▶ _RECORDED DATA_:
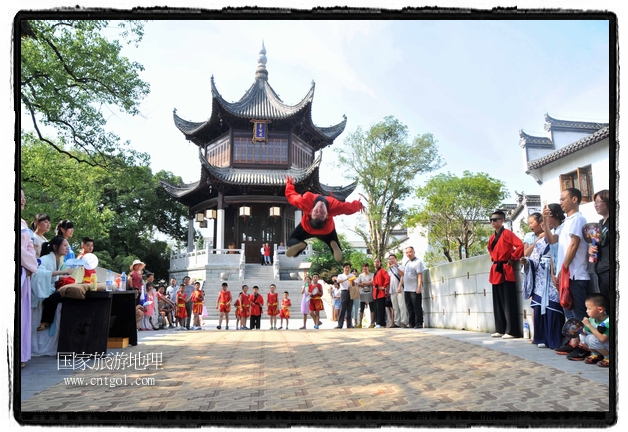 6月20日，小朋友們和中國(guó)武術(shù)愛(ài)好者們?cè)诮魇℃脑纯h熹園景區(qū)表演中國(guó)傳統(tǒng)的中國(guó)武術(shù)功夫，吸引許多游人前來(lái)駐足觀看。當(dāng)日是中國(guó)傳統(tǒng)的端午節(jié)，江西省婺源縣的中國(guó)武術(shù)愛(ài)好者們通過(guò)表演中國(guó)武術(shù)功夫，打太極，表演了少林棍、硬氣功、自選拳等少林寺功夫，讓孩子們從小學(xué)習(xí)中國(guó)武術(shù)，傳承中國(guó)武德，感受先人過(guò)端午的氛圍。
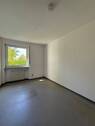 Kinderzimmer/ Büro - 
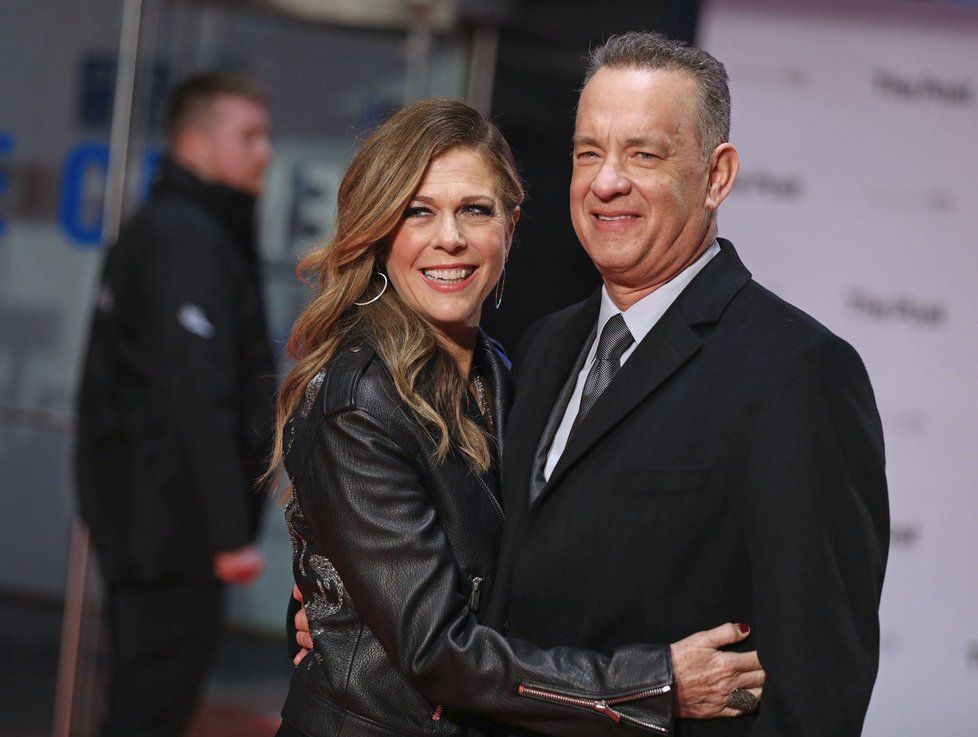 Tom Hanks, Rita Wilsonová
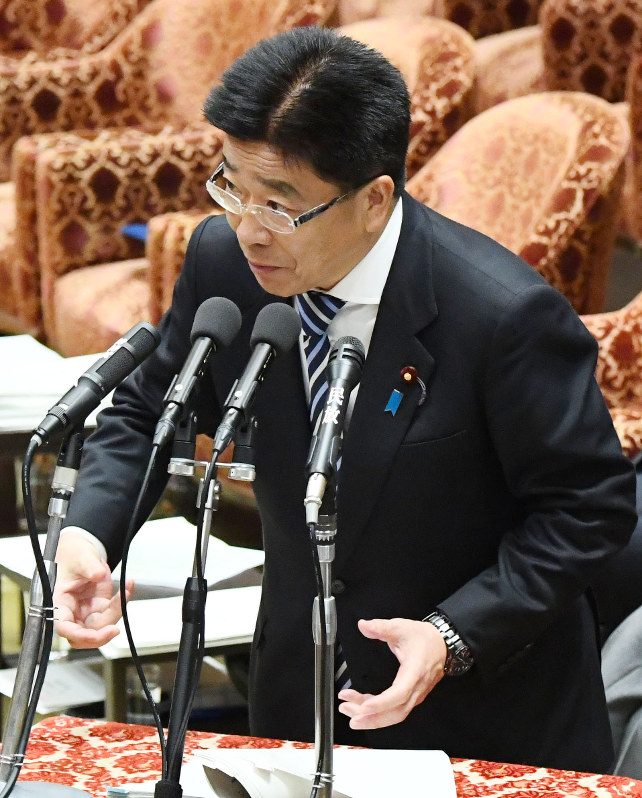 裁量労働データ 首相 責任回避躍起 答弁の 軽さ 露呈 毎日新聞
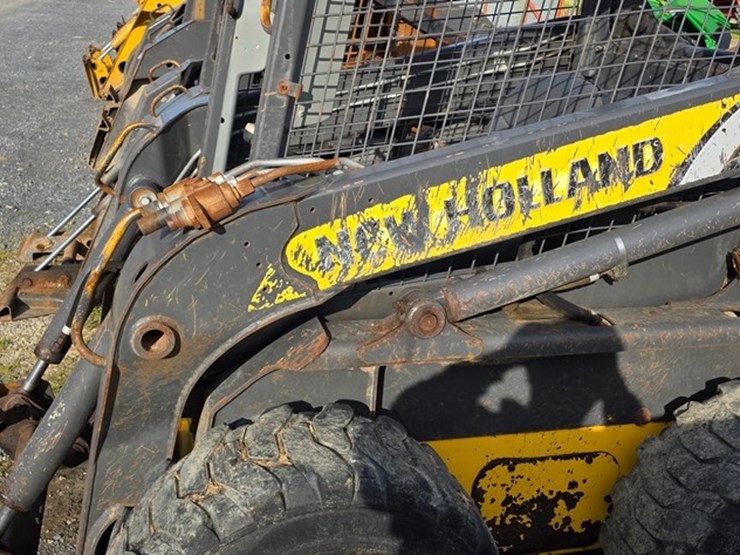 new-holland-l220-image-24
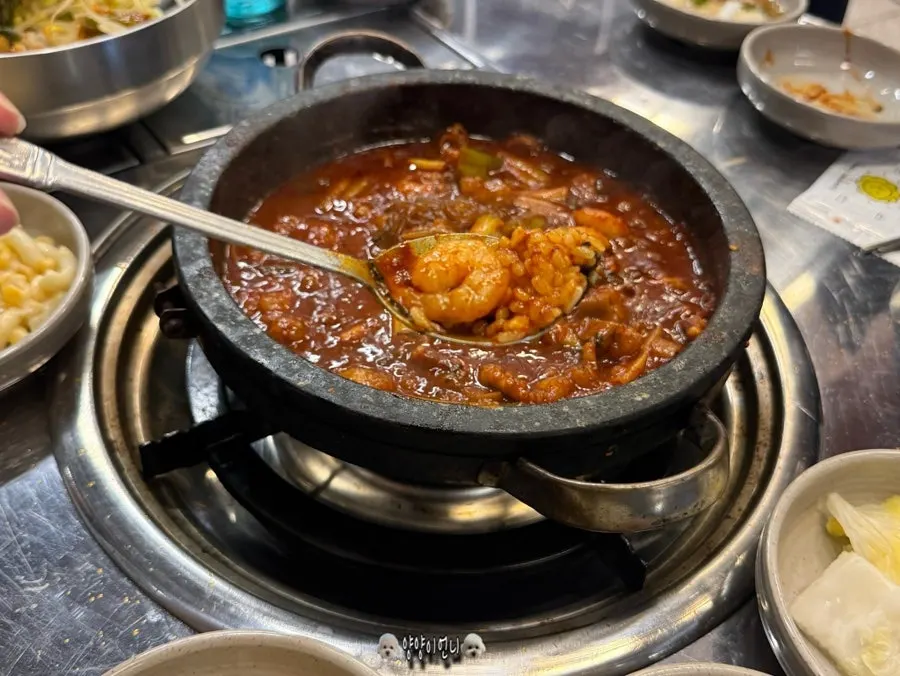 Stone-plate nakgopsae on the grill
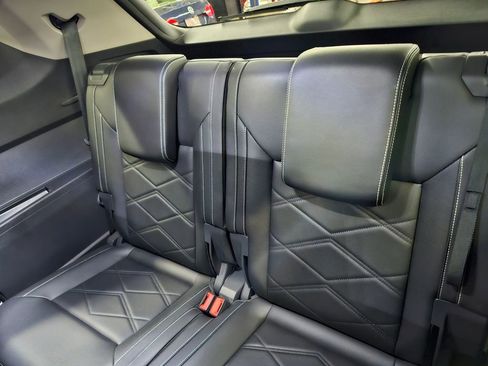 Used 2025 Volkswagen Atlas SE image 11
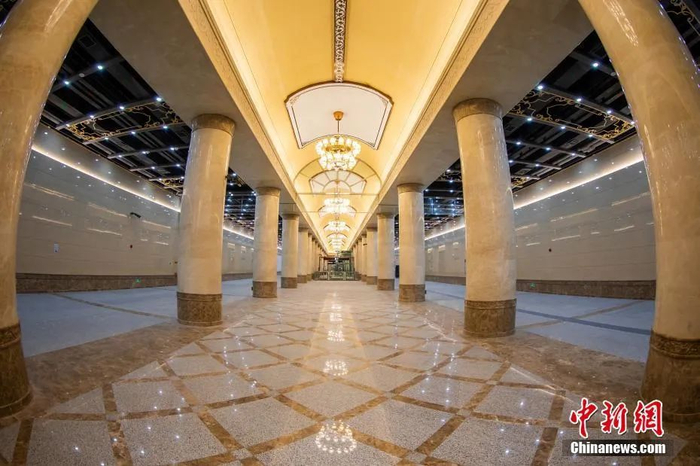 京港地铁16号线中段甘家口站站厅。图片来源：视觉中国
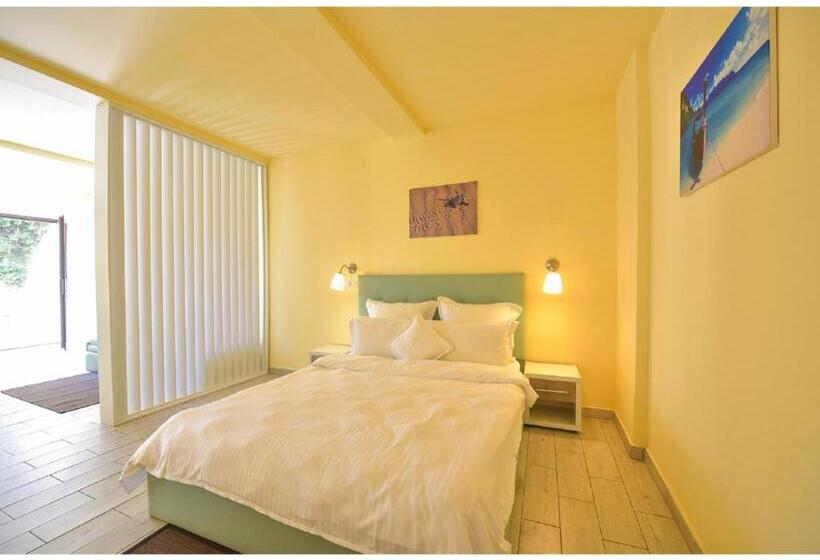 スタンダードスタジオ, Complex Mediteranean Mamaia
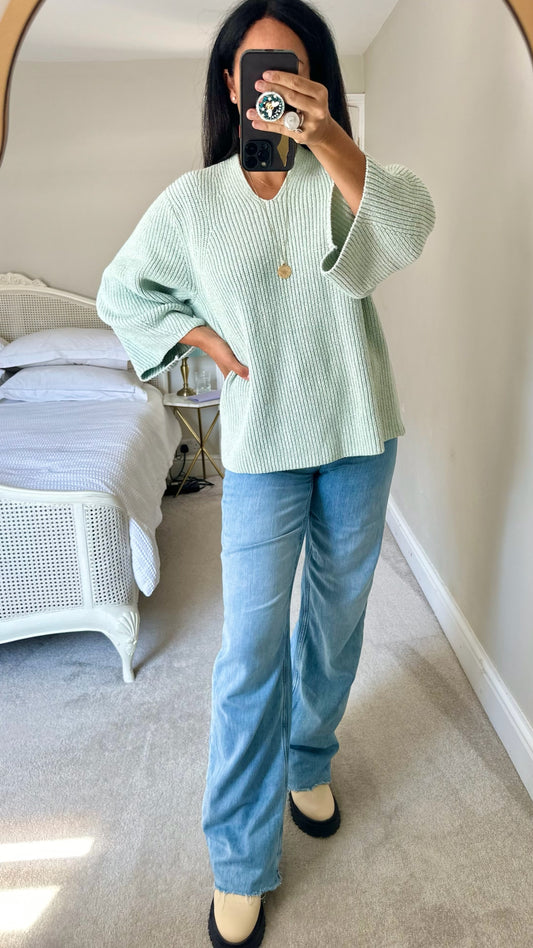 COS light green lightweight knitted jumper large UK 12-14 vgc w25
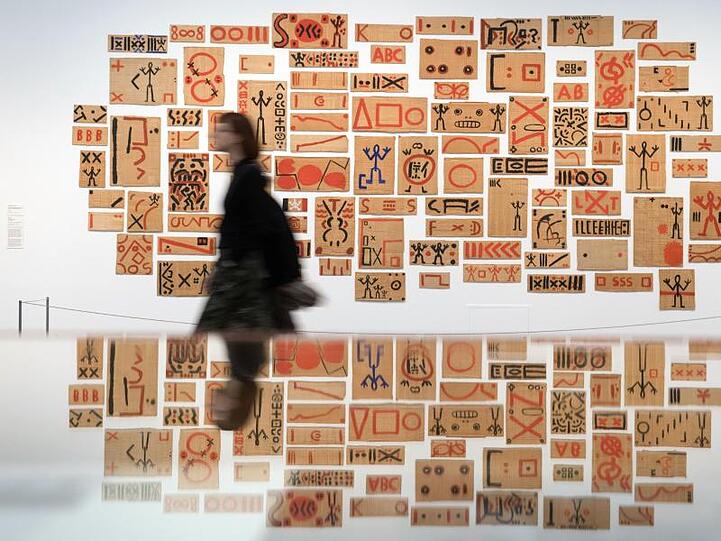 Blick in die Ausstellung "A. R. Penck "Ich aber komme aus Dresden (check it out man, check it out)"".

▶ _WORK ORDER_: Set the listing down in full and exactly. Pictures within it should not appear in the copy.

▶ _WRITTEN SOLUTION_:
 6月20日，小朋友們和中國(guó)武術(shù)愛(ài)好者們?cè)诮魇℃脑纯h熹園景區(qū)表演中國(guó)傳統(tǒng)的中國(guó)武術(shù)功夫，吸引許多游人前來(lái)駐足觀看。當(dāng)日是中國(guó)傳統(tǒng)的端午節(jié)，江西省婺源縣的中國(guó)武術(shù)愛(ài)好者們通過(guò)表演中國(guó)武術(shù)功夫，打太極，表演了少林棍、硬氣功、自選拳等少林寺功夫，讓孩子們從小學(xué)習(xí)中國(guó)武術(shù)，傳承中國(guó)武德，感受先人過(guò)端午的氛圍。
 Kinderzimmer/ Büro - 
 Tom Hanks, Rita Wilsonová
 裁量労働データ 首相 責任回避躍起 答弁の 軽さ 露呈 毎日新聞
 new-holland-l220-image-24
 Stone-plate nakgopsae on the grill
 Used 2025 Volkswagen Atlas SE image 11
 京港地铁16号线中段甘家口站站厅。图片来源：视觉中国
 スタンダードスタジオ, Complex Mediteranean Mamaia
 COS light green lightweight knitted jumper large UK 12-14 vgc w25
 Blick in die Ausstellung "A. R. Penck "Ich aber komme aus Dresden (check it out man, check it out)"".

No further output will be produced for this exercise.